High sensitivity and low noise of superconducting quantum interference devices make them ideal for reading the minute changes in resistance of a transition-edge sensor, which occurs when it absorbs energy or power. A series of first-order gradient, cross-coupling octagonal SQUIDs specifically tailored for use in TES were developed and fabricated for the advantage of lower parasitic capacitance compared with the overlap-coupling ones. It is obtained that a lower screening parameter and increased shunt resistance per junction lead to a higher flux-to-voltage transfer coefficient. This enhancement significantly boosts detection sensitivity and effectively minimizes noise contributions from electronics operating at room temperature. The low-temperature measurement results of the sample with an input coil of 3.5 turns indicate that a small device current white noise of 4.8 pA/√Hz, a device flux white noise of 1.1 μΦ₀/√Hz, and an optimal flux-to-voltage transfer coefficient of 338.2 μV/Φ₀ are achieved.
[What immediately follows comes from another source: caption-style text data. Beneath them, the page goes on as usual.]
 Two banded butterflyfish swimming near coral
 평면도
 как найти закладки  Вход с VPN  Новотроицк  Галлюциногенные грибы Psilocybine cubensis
The bandwidth of a SQUID current sensor with a smaller inductance of the input coil and a larger shunt resistance exceeds 10 MHz. SQUID current sensors, featuring octagonal structures with the first-order gradient cross-coupling, exhibit low flux noise, low current noise, and a high flux-to-voltage transfer coefficient, which can satisfy the requirements of TES applications.